El francés también está impaciente. Ayer, después de la comida, tuvo una larga conversación con el general. El francés se dirige a nosotros en un tono arrogante y despreocupado. Como bien reza un conocido proverbio: "Dejad que pongan un pie en vuestra casa y pronto habrán puesto los cuatro".
Con Pólina es indiferente y hasta grosero. Sin embargo, nos acompaña a menudo en nuestros paseos familiares por el parque y a las excursiones a caballo por los alrededores.
—Sé cómo se han relacionado el francés y el general. En Rusia planeaban establecer, en sociedad, una fabrica. Ignoro si lo han llevado a cabo o no.
Además, también me he enterado, por casualidad, de cierto secreto de familia. Supe que el francés le prestó al general treinta mil rublos para completar la suma que éste debía al Estado cuando presentó la dimisión de su empleo. Por ello, ahora el general se haUa en sus manos, pero ahora es la señorita Blanche la primera actriz en este drama. Estoy seguro de no equivocarme.
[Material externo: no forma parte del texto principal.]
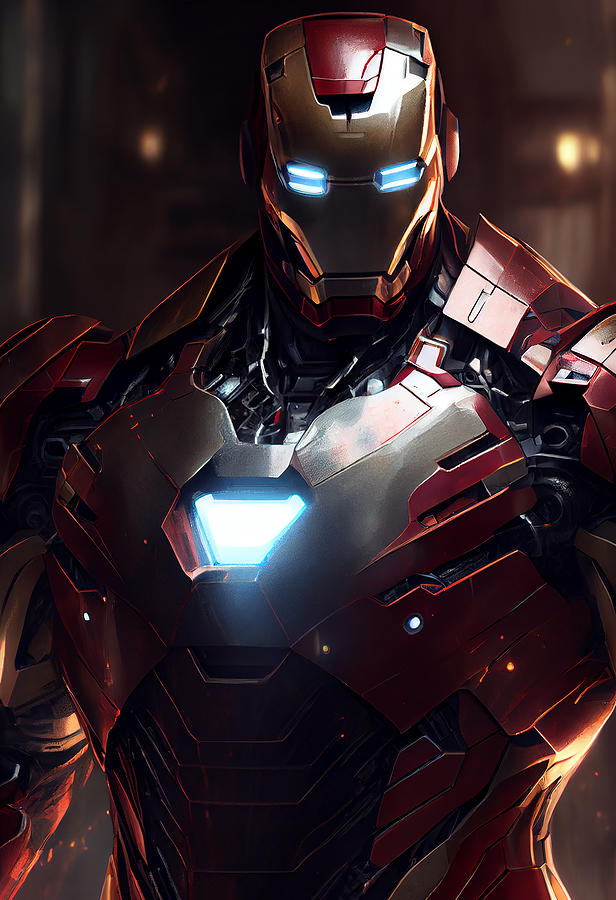 Iron Man Photograph by Tim Hill - Pixels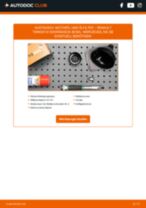 RENAULT Twingo III Schrägheck (BCM_) Zubehör und Ersatzteile | PDF Reparaturanleitung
¿Y de dónde ha salido esta señorita Blanche?
Por aquí se rumora que es una francesa distinguida que viaja acompañada de su madre, una dama muy rica. También he escuchado decir que es una prima lejana del marqués. Pero todo indica que antes de mi viaje a París, el francés y la citada dama habían tenido relaciones mucho más ceremoniosas y convencionales. Ahora su amistad y parentesco se manifiestan de forma más atrevida e íntima. Quizá nuestros asuntos familiares y económicos les parecen tan graves e insolubles que ni se molestan en hacer cumplidos o disimular. Pero anteayer pude ver que el señor Astley hablaba con la señorita Blanche y su madre, como si las conociera. Me parece también que el francés ya conocía con anterioridad al inglés. Por otra parte, Astley es tan tímido y discreto, que se puede confiar en él. No contará nada. El francés apenas si lo saluda, lo cual significa que no lo teme.
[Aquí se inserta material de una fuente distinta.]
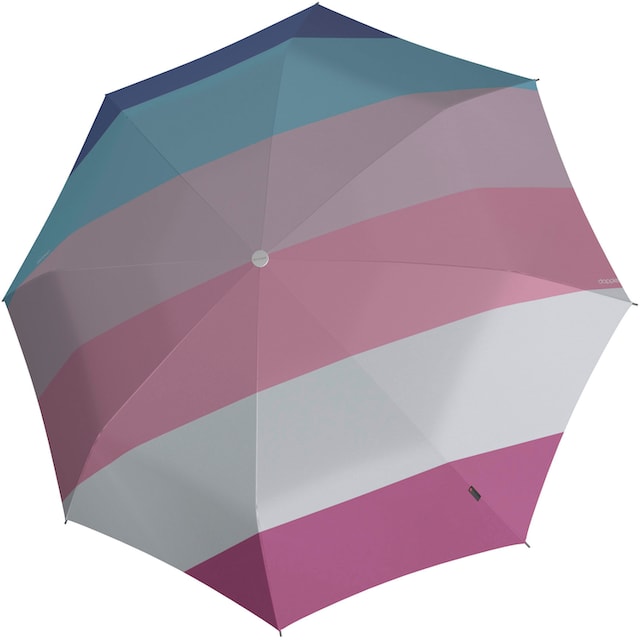 doppler® Taschenregenschirm »modern.ART Magic Mini, Pride cool pastel«  online kaufen | BAUR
Esto es comprensible, pero ¿por qué la señorita Blanche tampoco le hace caso? Hay que tener en cuenta que el marqués se traicionó ayer diciendo durante la conversación, que Astley era muy rico y que él lo sabía. Era, pues, la ocasión ideal para que la señorita Blanche lo mirase.
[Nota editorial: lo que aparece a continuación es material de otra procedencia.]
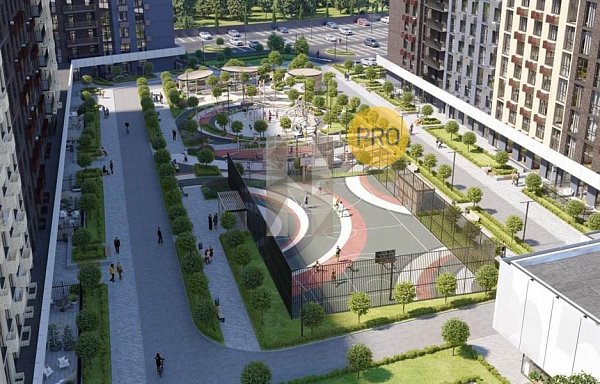 2-комн. квартира, 65.93 м², ЖК Высочество (№132558)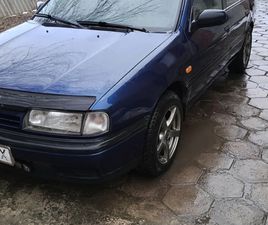 NISSAN PRIMERA 1991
En resumen, el general está muy inquieto. ¡Para él es muy importante, dadas las actuales circunstancias, recibir un telegrama anunciando la muerte de la abuela!
Aunque estaba seguro de que Pólina no quería verme, disimulé un aire frío y distante. Estaba seguro de que iba a hablarme en cualquier momento. Para desquitarme, ayer y hoy, me he dedicado a la señorita Blanche. ¡Pobre general, me da lástima! Enamorarse a los cincuenta y cinco años con una pasión tan ardiente... es una desgracia. Añádasele su viudez, los hijos, la ruina amenazante y, finalmente, la clase de mujer que es la señorita Blanche. Una mujer elegante, con una cara que infunde miedo. No sé si se entiende lo que quiero decir. Yo siempre le he temido a semejantes mujeres. Debe frisar los veinticinco años. Es alta y agraciada, de hombros suaves, busto opulento, tez bronceada y una cabellera abundante. Sus ojos negros suelen brillar con una mirada cínica. Es de dientes muy blancos y labios siempre pintados. Piernas y manos son admirables. Su voz tiene el tono de una contralto ligeramente enronquecida. Se ríe algunas veces a carcajadas, enseñando todos los dientes; pero su mirada es insistente y silenciosa cuando está en presencia de Pólina y de María Filípovna.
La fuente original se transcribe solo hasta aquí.